-- Opening Marker --

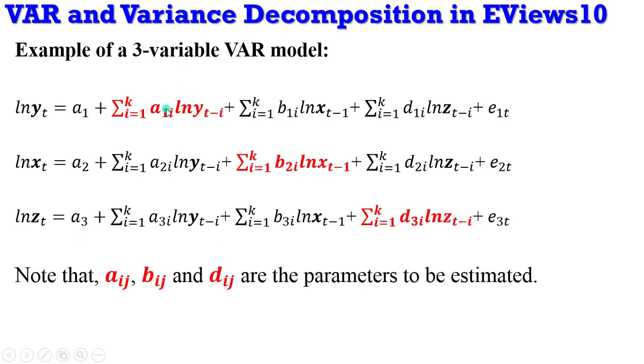And these are the parameters to be estimated: a, b, d, i, j. So those are the parameters or coefficients that we are going to obtain after estimating the VAR system.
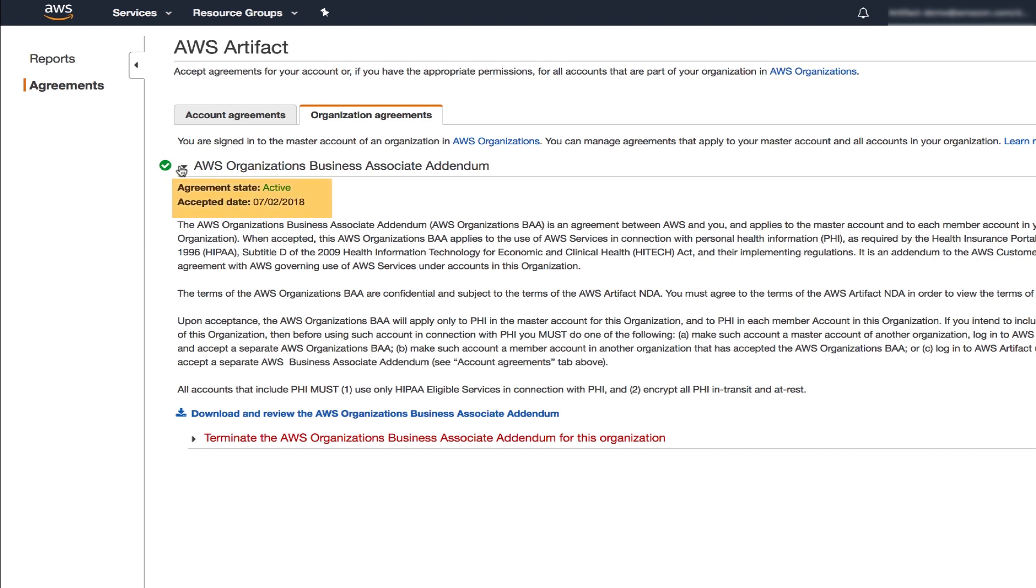Going forward, any new accounts created in your organization will be covered by this BAA. If any person within your org wants to review the accepted terms, they can do so in their account.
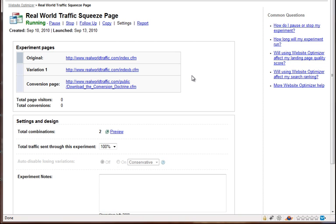So that's a pretty basic overview of how to set up an A-B split test. It's really painless and easy. And if you have any questions, just leave us a comment or let us know. Thanks.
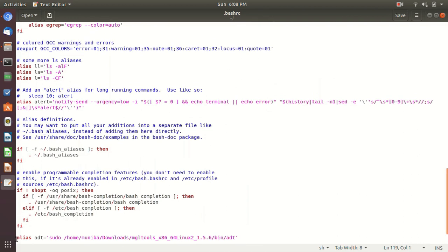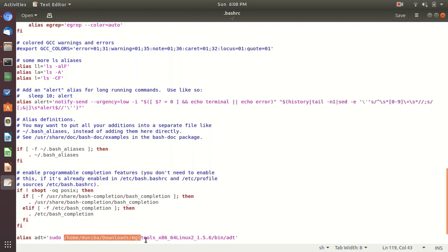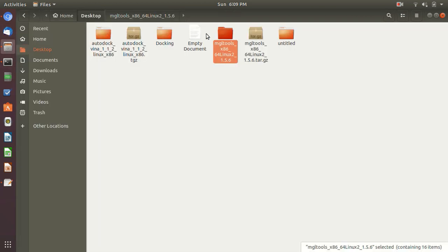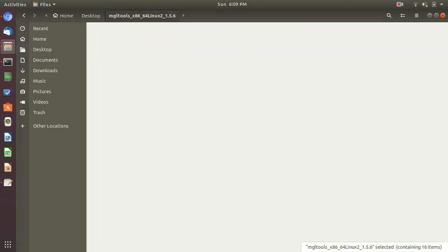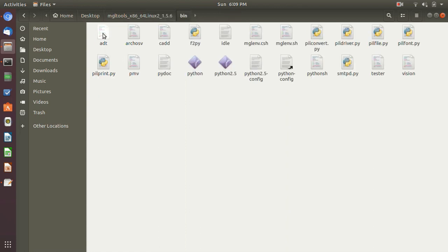ADT is for AutoDock Vina. And here you can name it anything, whatever you want. Okay. So it says ADT, and with a single quote, type sudo and your pathway to the bin ADT file. And let me show you the bin ADT file. Okay.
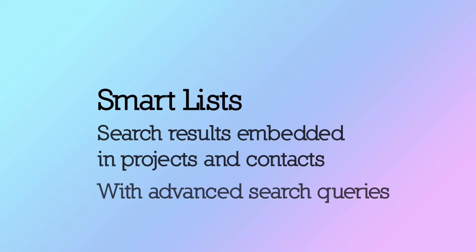In general, the SmartList feature can help in four different ways. Let's dive right in.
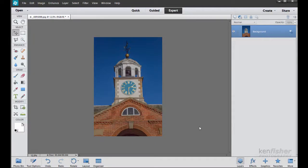Hi and welcome twirlers worldwide. In this video I thought I'd take a little bit of time to show you how to twirl with Photoshop Elements rather than the big Photoshop.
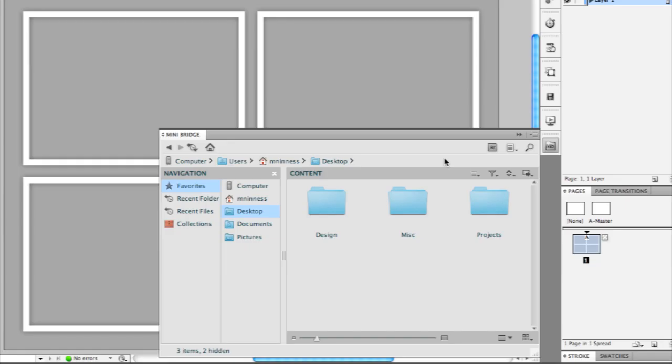What I want to do with MiniBridge is navigate to a particular file on my desktop or on my hard drive and open a file or open some other files from within another document.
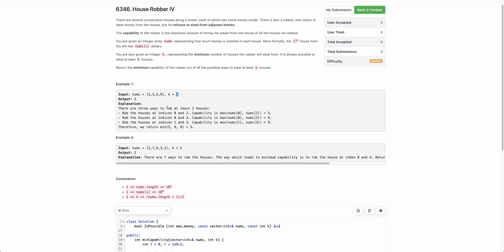There are three possible ways to rob two houses: either the robber can rob index 0 and index 2.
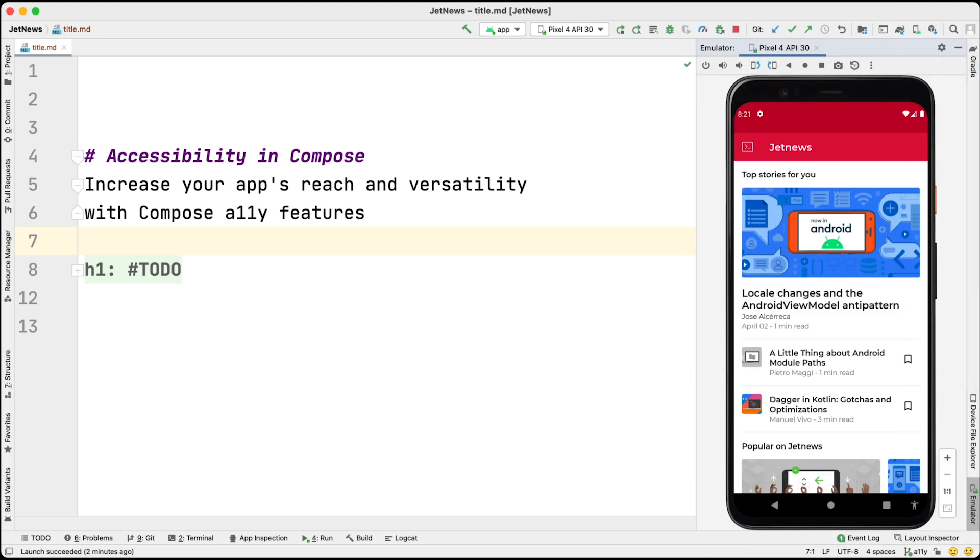In this video, I'm going to show you how to add accessibility features to your Compose app. With a small amount of work, you can increase your app's reach and versatility.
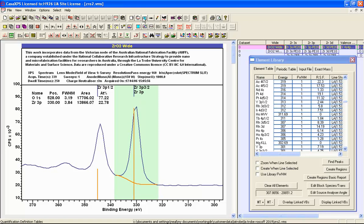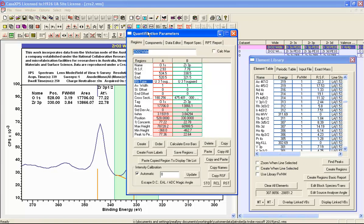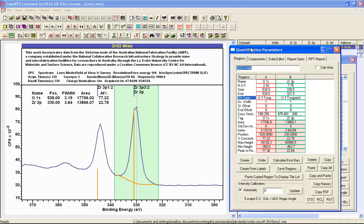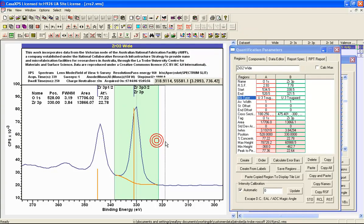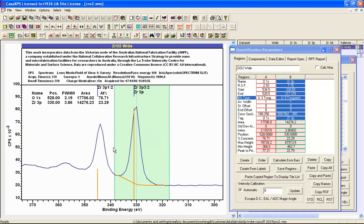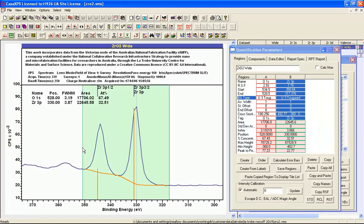To obtain a proper quantification, the region needs to be adjusted. In this case we need to include both parts of this doublet peak in order to obtain a quantification that looks plausible for zirconium oxide, where there are two oxygen to each zirconium atom.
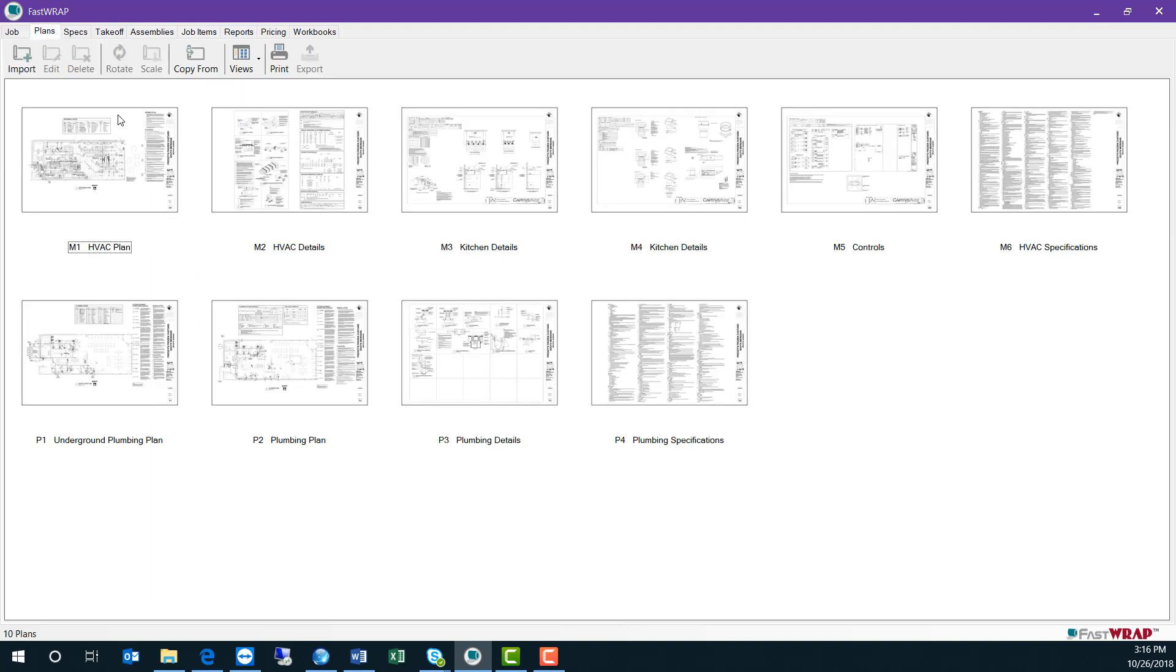At the plans tab, you can import digital plans directly into the program. Here you can rename the plans and set the scale.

-- Closing Marker --

→ **DESCRIPTION OF THE TASK**
Word for word, copy out each record; do not include pictures.

→ **RESPONSE FOR THIS EXERCISE**
And these are the parameters to be estimated: a, b, d, i, j. So those are the parameters or coefficients that we are going to obtain after estimating the VAR system.
Going forward, any new accounts created in your organization will be covered by this BAA. If any person within your org wants to review the accepted terms, they can do so in their account.
So that's a pretty basic overview of how to set up an A-B split test. It's really painless and easy. And if you have any questions, just leave us a comment or let us know. Thanks.
ADT is for AutoDock Vina. And here you can name it anything, whatever you want. Okay. So it says ADT, and with a single quote, type sudo and your pathway to the bin ADT file. And let me show you the bin ADT file. Okay.
In general, the SmartList feature can help in four different ways. Let's dive right in.
Hi and welcome twirlers worldwide. In this video I thought I'd take a little bit of time to show you how to twirl with Photoshop Elements rather than the big Photoshop.
What I want to do with MiniBridge is navigate to a particular file on my desktop or on my hard drive and open a file or open some other files from within another document.
There are three possible ways to rob two houses: either the robber can rob index 0 and index 2.
In this video, I'm going to show you how to add accessibility features to your Compose app. With a small amount of work, you can increase your app's reach and versatility.
To obtain a proper quantification, the region needs to be adjusted. In this case we need to include both parts of this doublet peak in order to obtain a quantification that looks plausible for zirconium oxide, where there are two oxygen to each zirconium atom.
At the plans tab, you can import digital plans directly into the program. Here you can rename the plans and set the scale.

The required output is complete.